# Simpleviewer - Anyone use this?



## d70girl (Sep 13, 2006)

If anyone here has used Simpleviewer to build a flash gallery, can you offer any advice or tips?  I'm having the hardest time figuring it out.

Thanks!


----------



## dewey (Sep 14, 2006)

Good morning,

I started using Simple Viewer about a week ago, and there is some trial and error!  I am a bit of programmer, but I have no desire to spend a lot of time building galleries - I'd rather be out shooting.

I have tried Simple Viewer by way of a server side script, by manual labor, and by using desjtop programs... this is the easiest way I have found to use it.

1) Download the  SimpleViewer Picasa Template

2) Download Picasa (This is Google's free image editing/organising software.)
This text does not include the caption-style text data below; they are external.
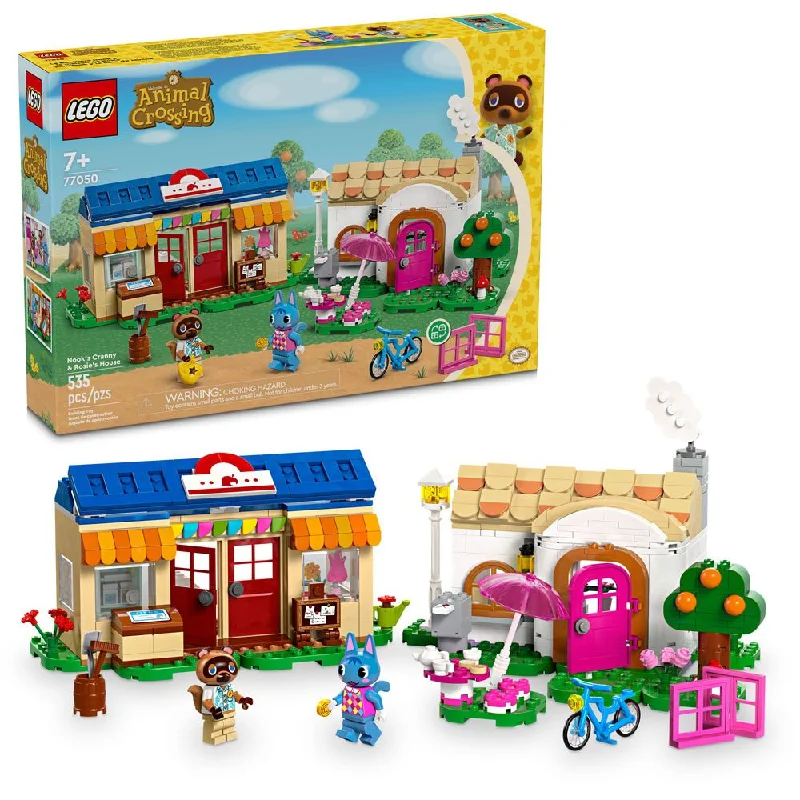 Promoting critical thinking LEGO challengesLEGO Animal Crossing Cranny & House 77050 Promoting critical thinking LEGO challengesLEGO Animal Crossing Cranny & House 77050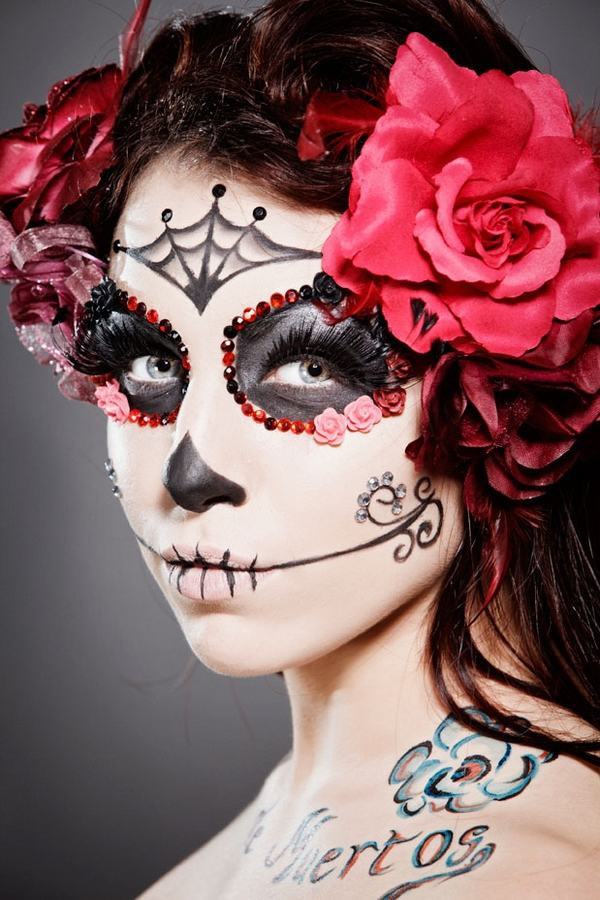 Halloween witch make up and costumes - 67 ideas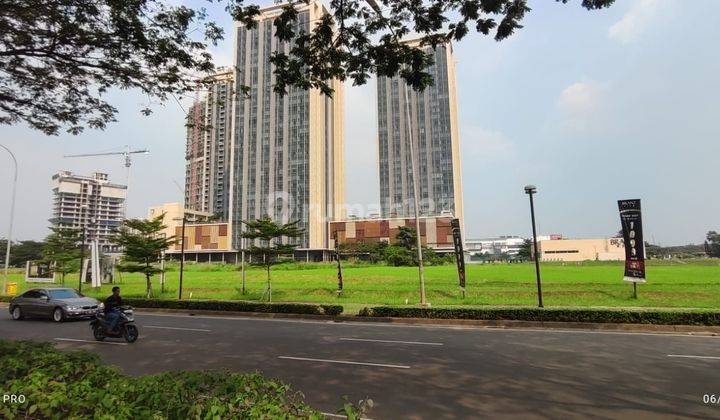 Tanah Premium CENTRAL BUSINESS DISTRICT BSD City Tanggerang 1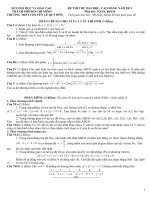 de thi thu DH truong nguyen khuyen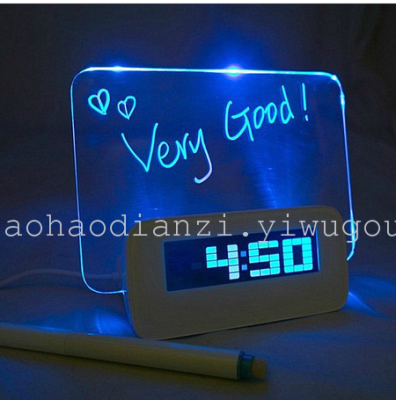 USB calendar ideas big-screen digital clock sd large screen printed LOGO luminous screen displays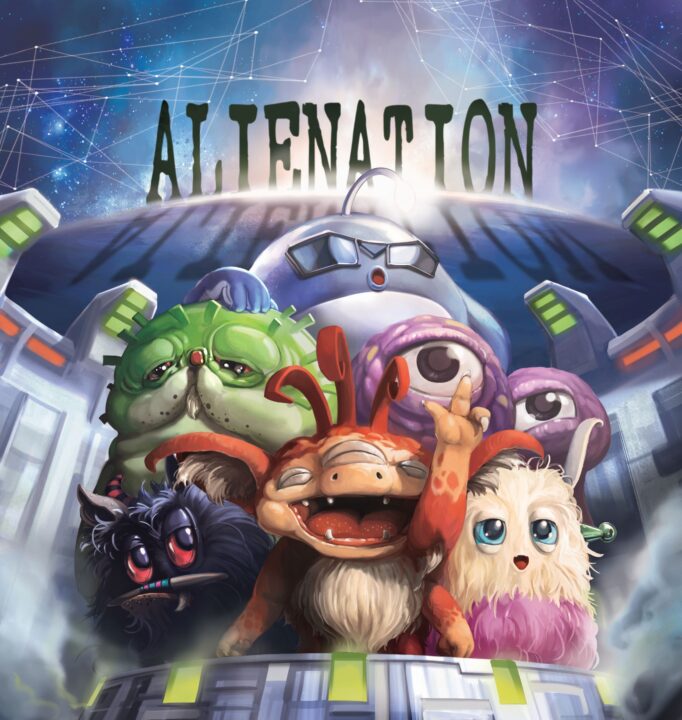 Alienation: Box Cover Front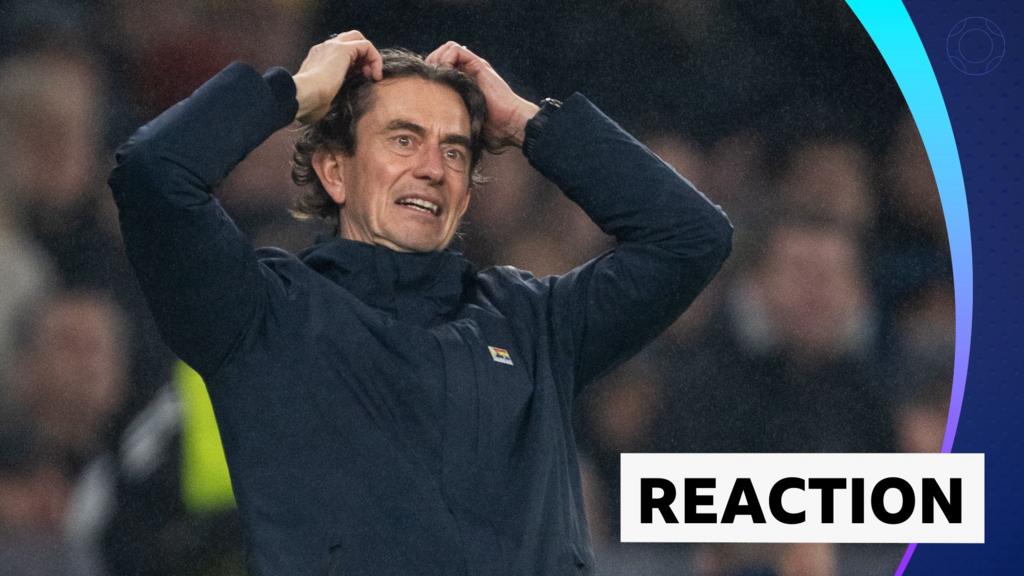 टोटेनहम 1-2 न्यूकैसल के बाद मैच के बाद थॉमस फ्रैंक का साक्षात्कार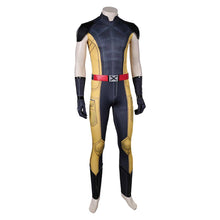 Laden Sie das Bild in den Galerie-Viewer, Deadpool &amp; Wolverine Wolverine schwarz Jumpsuit Cosplay Outfits 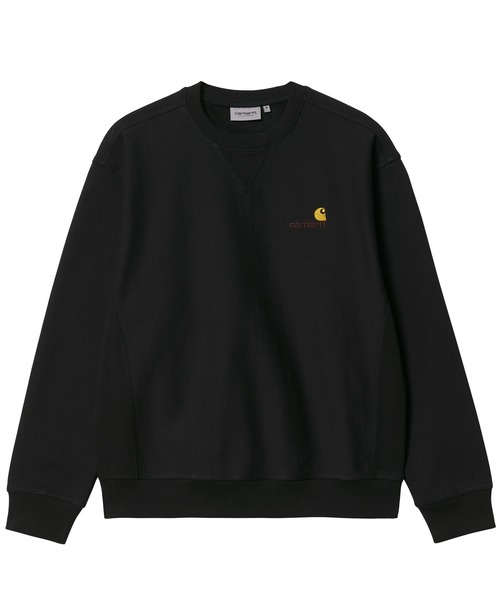 「Carhartt WIP」 スウェットカットソー L ダークグレー メンズ_8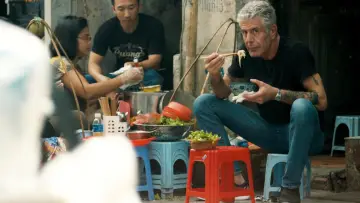Zasłona do filmu "W drodze: Film o Anthonym Bourdainie" #423797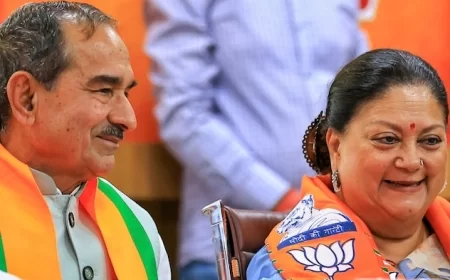 Rajasthan News: 'मोदी सु कुन झगड़ो करे...', वसुंधरा राजे के दर्द पर BJP प्रदेशाध्यक्ष मदन राठौड़ का राजस्थानी कहावत से करारा तंज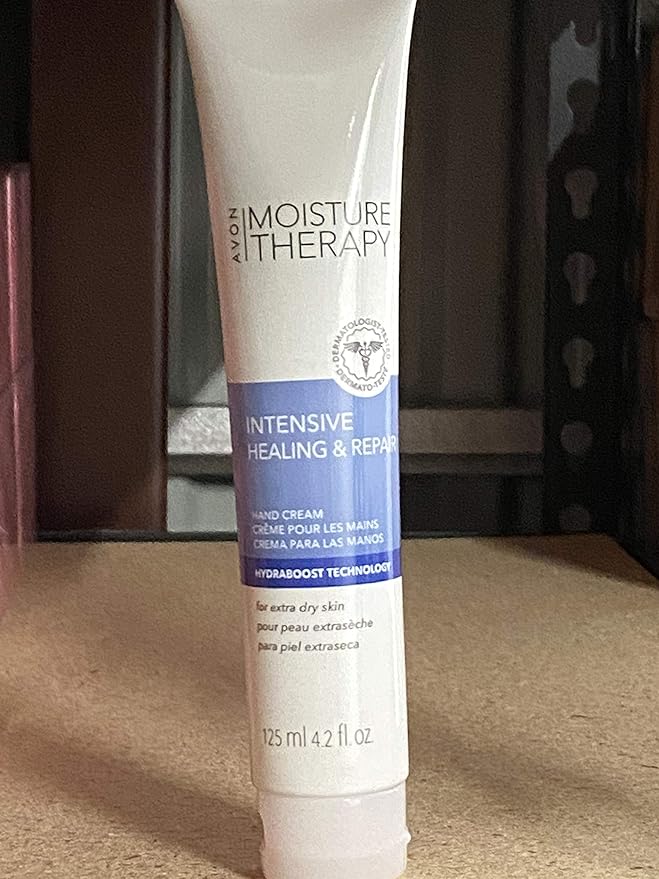 Avon Moisture Therapy Intensive Healing & Repair Hand Cream by Avon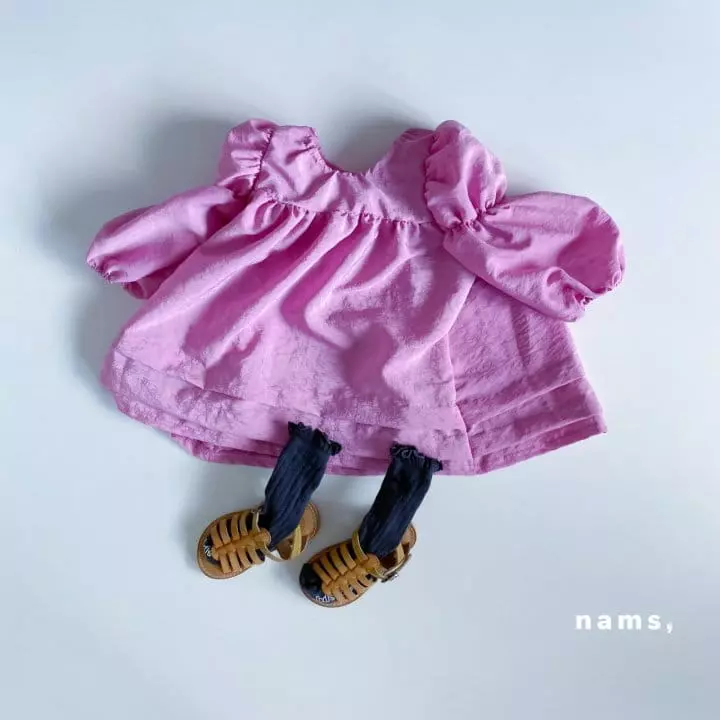 Nams - Korean Children Fashion - #minifashionista - Odri One-piece - 9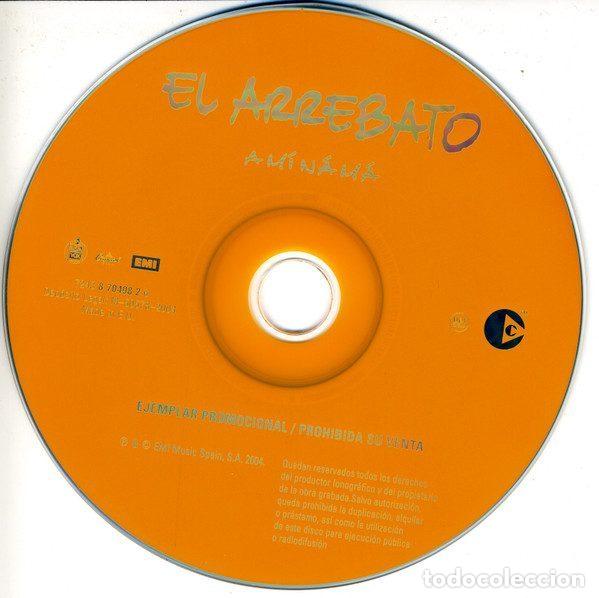 CDs de m&uacute;sica: El Arrebato &ndash; A Mi Na M&aacute; (CD, Hispavox 8 70498 2) - Foto 3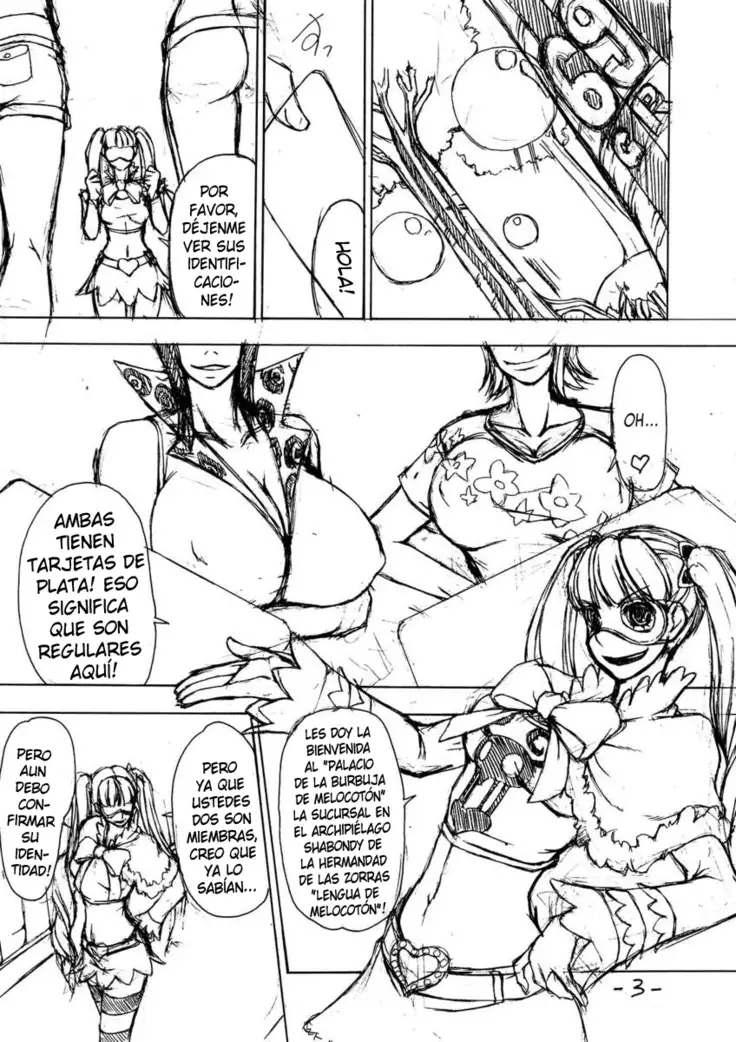 Majimadou ] PINKY WHORE SHOW!!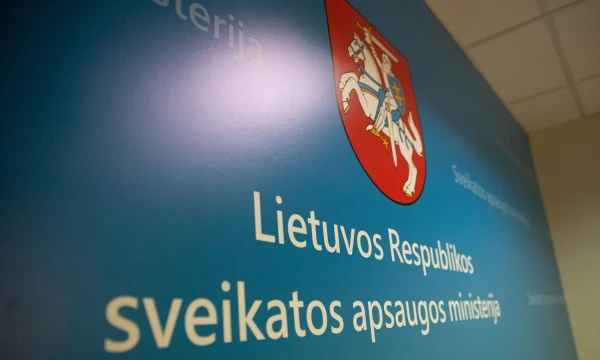 Sveikatos apsaugos ministerija. Vladimiro Ivanovo nuotr.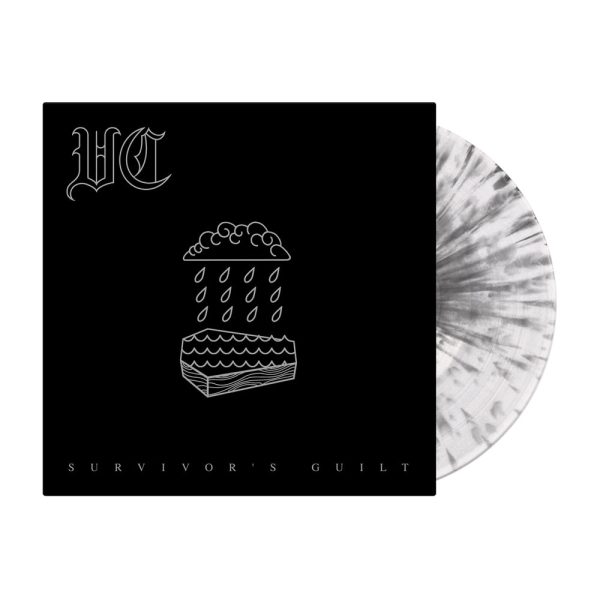 Survivor s Guilt • Grey With White Splatter • Limited to 700 Fashion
3) Install Google Picasa on your machine

4) Copy the file from Step 1 to the Picasa Template folder (usually C:\Program Files\Picasa2\web\templates).

5) Launch Picasa, and either let it find your images, or point it to your images

6) Choose the files you want to put in a gallery and go to FOLDER >> Export to Web Page

7) Choose the Simple Viewer Template - follow the options and your gallery is created!  

8) Upload ALL of the files in the folder that you specified in step 7 to your website.

You're all done!

If you want to modify the captions of the images you need to edit the gallery.xml file.  This is real easy - just right click on the file and choose "open with notepad".  You'll easily see where the captions are - and the title of the gallery itself.  You can simply change these, save the gallery.xml file and re-upload it to your website.  Simpleviewer lists all of the variables on their website.

You can also modify the index.html that simpleviewer generates.  You don't need a fancy HTML editor, just right click on the index.html and choose "open with notepad"  You will see where you can change the title of the page, and if you want to get fancy the META tags as well.

Just as a note I do not use Picasa to edit photos - I have no experience with how that works.  I simply have found Picasa with the simpleviewer template the fastest and most easily modified web gallery software.  I can go out and shoot for hours, get home color correct and crop in Photoshop for hours, then make a nice pro gallery for my website in about 5 minutes. 

I hope that helps - please let me know if you have any questions!

- Dewey


----------



## JTHphoto (Sep 19, 2006)

^^  what he said.


----------